BEGIN
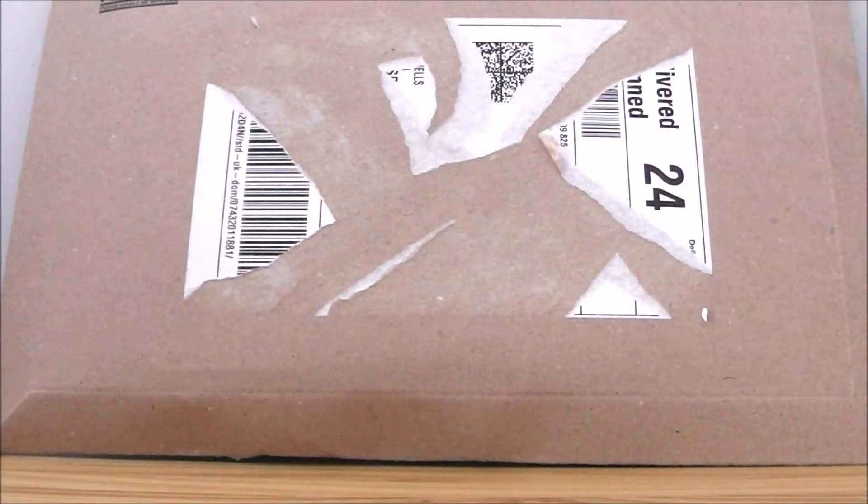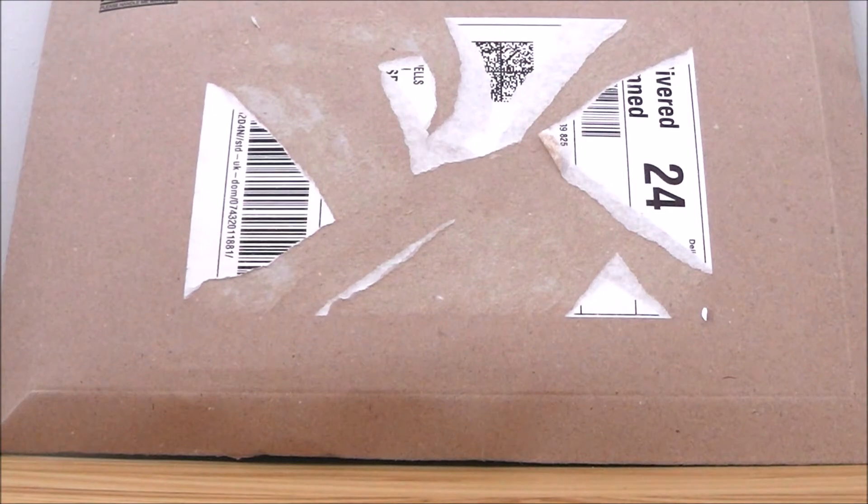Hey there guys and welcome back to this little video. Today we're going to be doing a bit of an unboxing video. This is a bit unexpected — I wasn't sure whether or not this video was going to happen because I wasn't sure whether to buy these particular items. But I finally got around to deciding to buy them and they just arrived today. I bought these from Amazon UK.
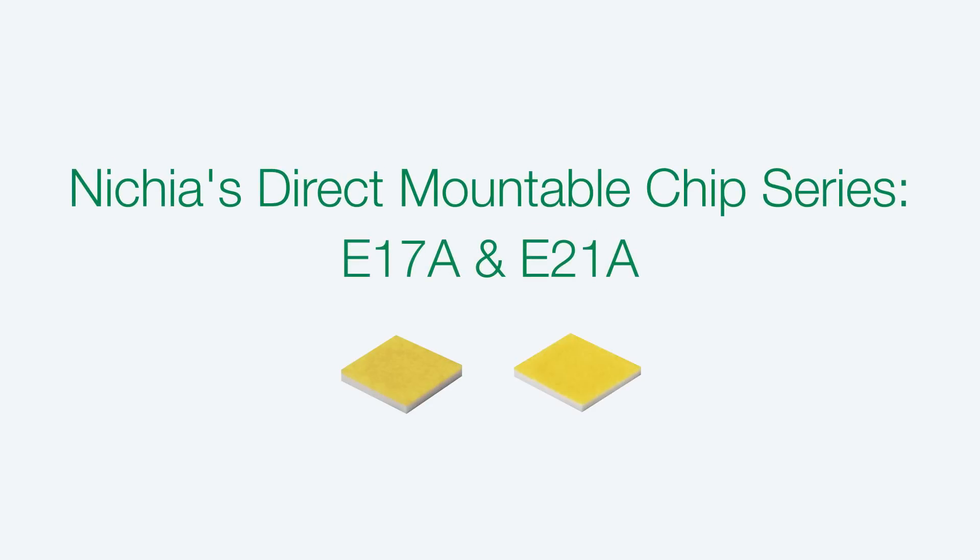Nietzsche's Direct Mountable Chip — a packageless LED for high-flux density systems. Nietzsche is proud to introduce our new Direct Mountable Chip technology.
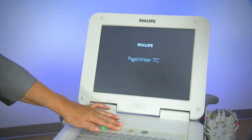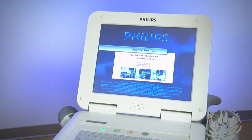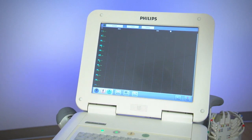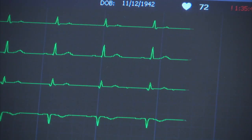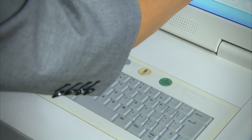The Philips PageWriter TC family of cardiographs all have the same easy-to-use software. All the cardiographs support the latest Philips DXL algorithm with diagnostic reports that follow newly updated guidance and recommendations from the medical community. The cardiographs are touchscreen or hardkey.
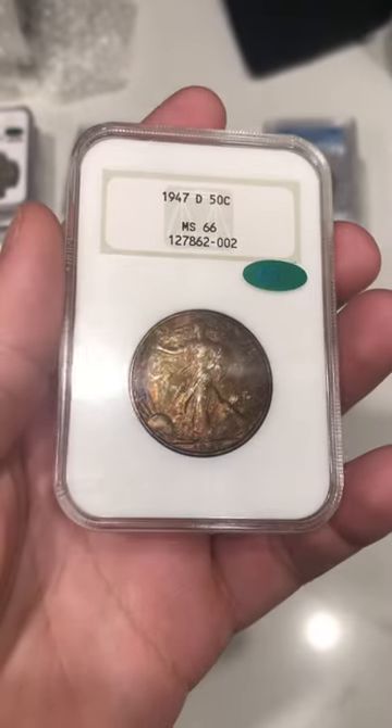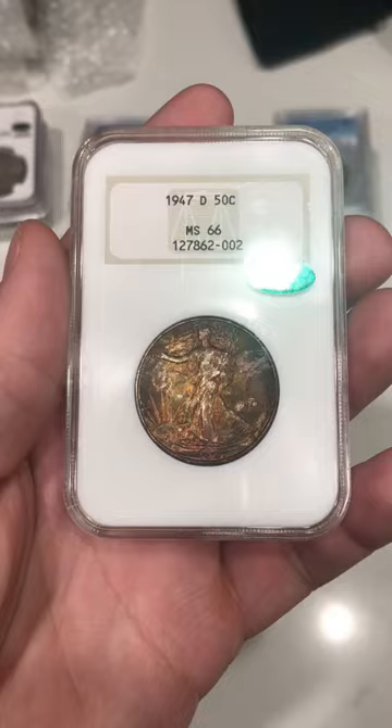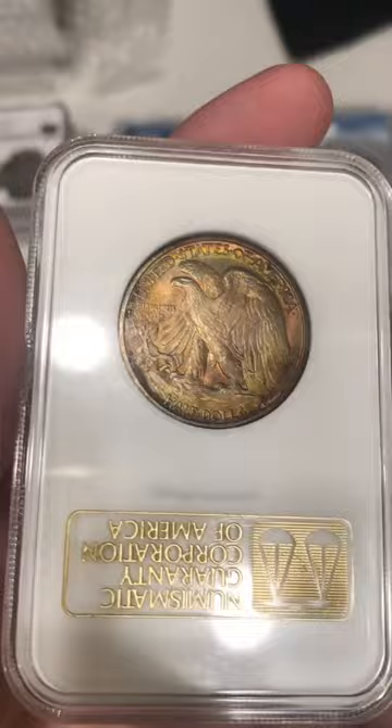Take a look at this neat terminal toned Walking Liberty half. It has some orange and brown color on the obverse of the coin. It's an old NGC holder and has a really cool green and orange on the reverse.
END
(Exercise) Return the material exactly as given above, picture-free.

(Solution)
Hey there guys and welcome back to this little video. Today we're going to be doing a bit of an unboxing video. This is a bit unexpected — I wasn't sure whether or not this video was going to happen because I wasn't sure whether to buy these particular items. But I finally got around to deciding to buy them and they just arrived today. I bought these from Amazon UK.
Nietzsche's Direct Mountable Chip — a packageless LED for high-flux density systems. Nietzsche is proud to introduce our new Direct Mountable Chip technology.
The Philips PageWriter TC family of cardiographs all have the same easy-to-use software. All the cardiographs support the latest Philips DXL algorithm with diagnostic reports that follow newly updated guidance and recommendations from the medical community. The cardiographs are touchscreen or hardkey.
Take a look at this neat terminal toned Walking Liberty half. It has some orange and brown color on the obverse of the coin. It's an old NGC holder and has a really cool green and orange on the reverse.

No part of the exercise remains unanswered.